Duke University Alumni Magazine

"You can expect to be mentally stretched, unbent, challenged, and transformed. You can expect deep emotional and spiritual experiences, equally transformative in different ways."

--President Nannerl O. Keohane in her convocation address to the Class of 2000

"Despite the lack of an appropriate political relationship between the two countries, we have shared our history. Because of the willingness of the Cubans to look at the experience in a positive light, the possibilities for such a program to be a success look good."

--Richard White, dean of Trinity College and vice provost for undergraduate education, on a proposed Duke in Havana study abroad program

"I would characterize her as being very talented and very focused. Even those with the most critical eye are unlikely to find blemishes."

--University archivist William King '61, A.M. '63, Ph.D. '70, on his family friend and classmate Elizabeth Hanford Dole '58; her brother is John V. Hanford Jr. '43

"I appreciate that the students respected me. Maybe it's because I'm bald and gray, but they took what I said seriously. I always told them that if they ever blocked the [fire] exits, that's where they would find the bodies in case of a fire, and they listened to me."
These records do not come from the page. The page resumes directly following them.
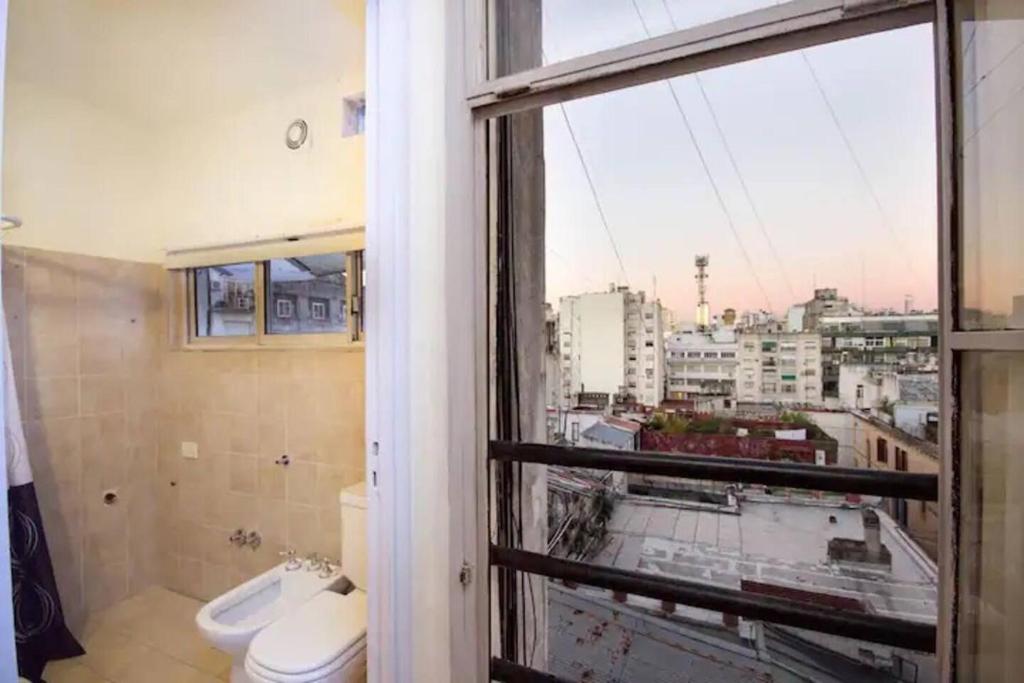 Calm Flat in City Center with Skyline Views - 4
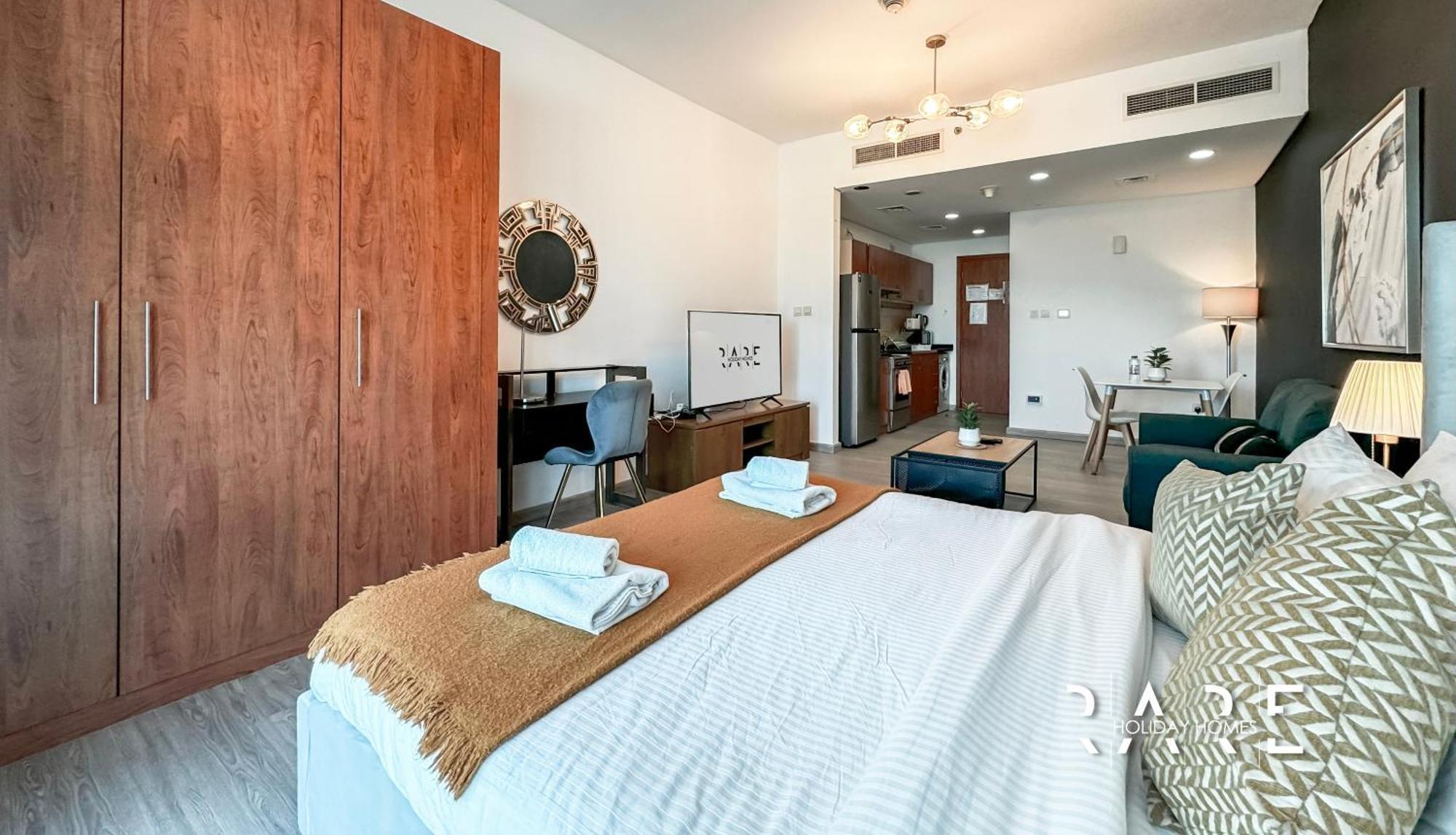 Apartment Rare Homes - View - The Crescent Tower - Production - R712 - Impz *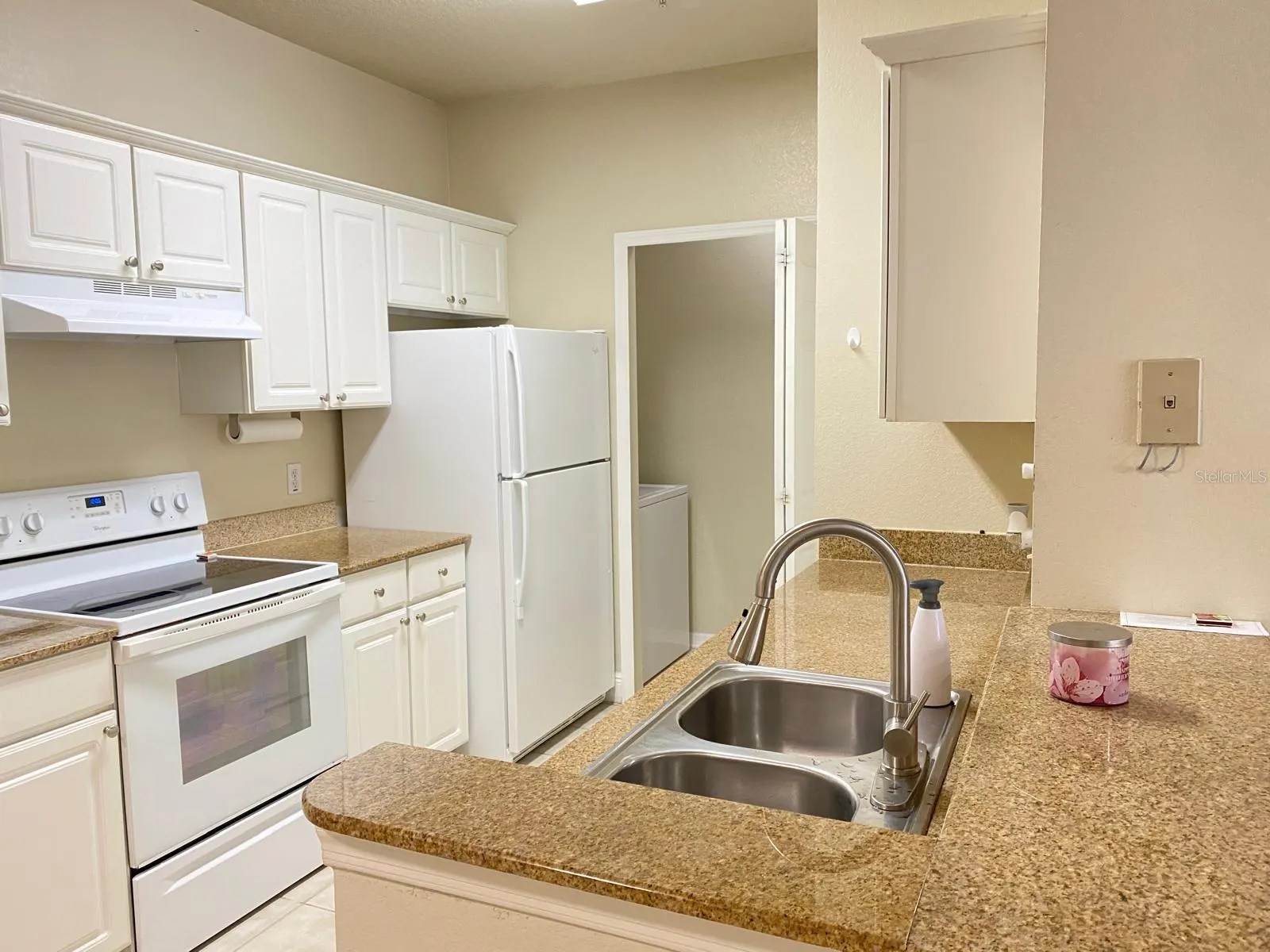 130 SOUTHERN PECAN CIR #201, #201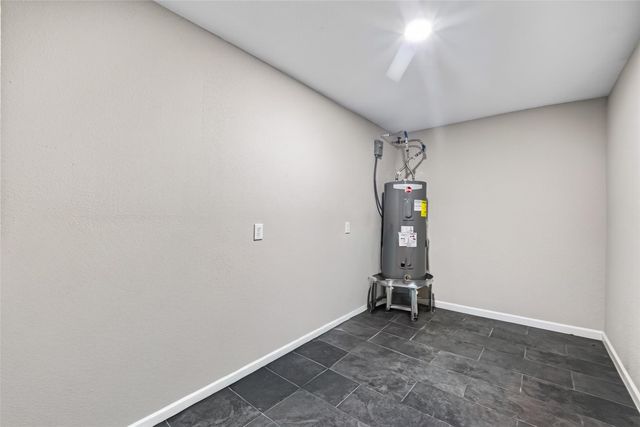 12711 Greenshire Dr Drive, Houston, TX 77048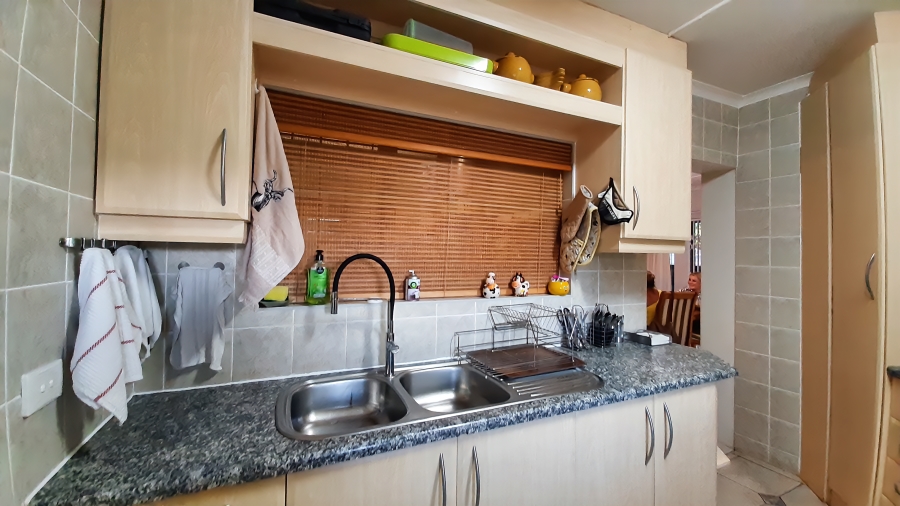 4 Bedroom Property for Sale in Deepdale KwaZulu-Natal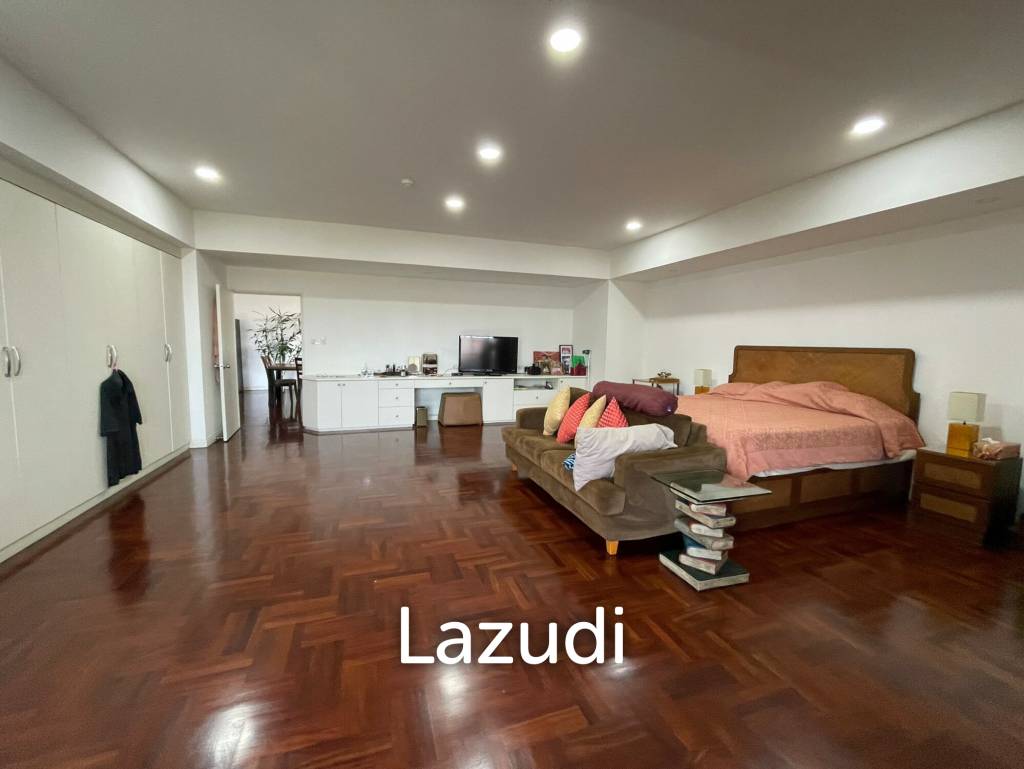3 Bedroom 4 Bathroom 319 SQ.M Oriental Towers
-- Recently retired safety officer Roland Nadeau, responsible for overseeing safety procedures during athletic events and dormitory parties

"The Trinity Park Association is not a homeowner's association, it's a neighborhood association. We want representation from homeowners, renters, and student [tenants] alike."

--Don Ball, president of the Trinity Park Association, on the addition of two Duke students to the group's board of directors in response to residents' concerns about crime, litter, speeding cars, and late-night parties in their neighborhoods

"It was a humbling experience to see how nature can be so vicious and devastating."

--Joseph Jackson, assistant director for grounds and sanitation in Duke's grounds and facilities management department, on the aftermath of Hurricane Fran

"When you look at nineteenth-century political rhetoric, you'll see that the kinds of things that people say about each other today are, if anything, a little tame. In the nineteenth century--before television and radio--political oratory was something of an art; people actually viewed standing around listening to speeches for three or four hours as entertainment."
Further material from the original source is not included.